After losing her mother Folaron was left reeling and needed movement; a change of scenery; an adventure. She forgot about the lump while on an epic road trip of the west: exploring Long Beach, Catalina Island, Las Vegas and eventually discussing the increasing pain in her armpits and body with a close friend in Napa who had survived breast cancer. She told Folaron to get to the doctor – quickly.

Her first mammogram was on Valentine’s Day 2017. She was told to have someone with her for the results: breast cancer, three masses – all the same kind. Doctors didn’t want to perform surgery because the masses were so large; they were scared of damaging a nerve.

“I never asked what stage or what the odds were. I just knew that it was serious because they said it was an aggressive and invasive form of cancer,” she said. “I told them I wanted to do a homeopathic approach and the doctor was like, ‘Yeah… you don’t have time.’”

She began two different forms of chemotherapy simultaneously. The nurses discussed the stages of chemo and let her know approximately when her hair would start falling out. In preparation, she contacted her hair dresser of over 20 years who cried while cutting her hair short. Folaron later awakened one morning to hair covering her pillow “like a dog had shed all over it.” Her then boyfriend, Spagat, shaved her head.
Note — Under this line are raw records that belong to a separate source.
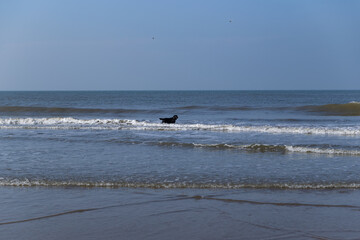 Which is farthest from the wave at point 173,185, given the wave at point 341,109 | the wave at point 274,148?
the wave at point 341,109

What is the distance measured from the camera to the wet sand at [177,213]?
5711 millimetres

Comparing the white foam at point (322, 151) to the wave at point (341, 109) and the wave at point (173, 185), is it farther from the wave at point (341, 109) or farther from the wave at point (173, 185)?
the wave at point (341, 109)

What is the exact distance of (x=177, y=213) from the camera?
662 centimetres

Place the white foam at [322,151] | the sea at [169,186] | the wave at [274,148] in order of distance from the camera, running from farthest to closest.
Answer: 1. the wave at [274,148]
2. the white foam at [322,151]
3. the sea at [169,186]

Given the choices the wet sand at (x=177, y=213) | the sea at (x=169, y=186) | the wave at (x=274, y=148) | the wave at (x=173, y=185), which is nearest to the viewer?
the wet sand at (x=177, y=213)

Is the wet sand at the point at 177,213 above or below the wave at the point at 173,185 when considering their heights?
below

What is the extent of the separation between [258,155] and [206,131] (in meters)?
8.01

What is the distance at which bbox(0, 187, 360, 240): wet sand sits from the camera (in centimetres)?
571

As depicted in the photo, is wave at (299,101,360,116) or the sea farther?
wave at (299,101,360,116)

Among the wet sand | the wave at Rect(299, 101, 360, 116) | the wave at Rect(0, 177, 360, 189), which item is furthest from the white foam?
the wave at Rect(299, 101, 360, 116)

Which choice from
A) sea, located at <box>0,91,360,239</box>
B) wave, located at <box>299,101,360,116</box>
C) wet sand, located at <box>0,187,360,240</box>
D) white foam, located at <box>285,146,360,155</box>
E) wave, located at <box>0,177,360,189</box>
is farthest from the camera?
wave, located at <box>299,101,360,116</box>

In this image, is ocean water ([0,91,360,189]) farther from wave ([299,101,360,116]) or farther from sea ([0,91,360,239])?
wave ([299,101,360,116])

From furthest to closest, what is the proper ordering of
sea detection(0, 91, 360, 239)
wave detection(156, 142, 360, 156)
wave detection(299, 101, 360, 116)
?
wave detection(299, 101, 360, 116)
wave detection(156, 142, 360, 156)
sea detection(0, 91, 360, 239)

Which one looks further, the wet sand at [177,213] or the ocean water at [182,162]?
the ocean water at [182,162] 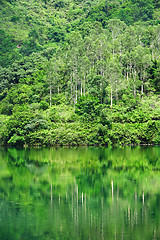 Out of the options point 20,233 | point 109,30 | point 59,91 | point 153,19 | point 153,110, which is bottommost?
point 20,233

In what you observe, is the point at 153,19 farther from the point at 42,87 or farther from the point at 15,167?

She continued to go see Dr. Wick for acupuncture. A friend set her up with energy healing. The healer told her she had energy which was stuck and she believes that is what made her sick. Carissa Hill functioned as her acupuncturist; Dr. Wick did chiropractic/applied kinesiology and Josh Overcast helped her with Accunect or healing the emotions to heal the body.

“Energy is like a river. I have this energy from my past, the things that have upset me in this lifetime – they were just stuck. I worked through that,” she said. “I just kind of had to embrace all of it as a big picture. I helped create it; I can help take it away. I just have to do all this work on myself.”

The medical professionals helping Folaron were supportive of her efforts. The told her what she was doing holistically was helping the chemo work.

Folaron developed a sense of purpose even through the tough times – those challenges were there for a reason, just as her mother always said. Even during the darkest days she found something for which to be grateful.

“The crazy thing is I wasn’t even done with my chemo and I knew my cancer was gone. It just had a huge presence. I don’t know how to describe it. It was there. It was part of me,” she said. “I told my doctor it was gone and he said he’d had a handful of women say that to him.”

She requested a scan from her doctor right then, but it didn’t work that way.

“I still had to go through all of this protocol: surgery, radiation,” she said.

Then, she was on the other side of a nightmare – having gone through the gauntlet of treatment and of her own psyche.

“It’s officially been a year since I’ve been out of treatment,” she beamed recently. “Wow – so much has happened in a year!”

What developed from the process of healing both her physical and spiritual self was a driving need to help others.

“You just want to give back somehow. You just want to tell people to be grateful. All that cliché stuff,” she said. “You think, man, I just got a second chance at this one turn we’ve got.”

Encouraged by her daughter, she forced herself to leave her Big Sky comfort zone, spending her first days in the Keys questioning that decision. Her concerns quickly subsided as she found herself embracing the structure of sailing life: of the wind, the waves and life itself.

She has also found good people along her journey. Folaron said she has learned to accept the darkness and the light within herself– the full scope of the human experience without blocks; without limiting herself. Her love of freedom and adventure feeds her spirit. Someday soon, she will have her own sailboat.

“You just feel so insignificant, yet really big at the same time – coming into your own power,” she said of her adventure of survival and life.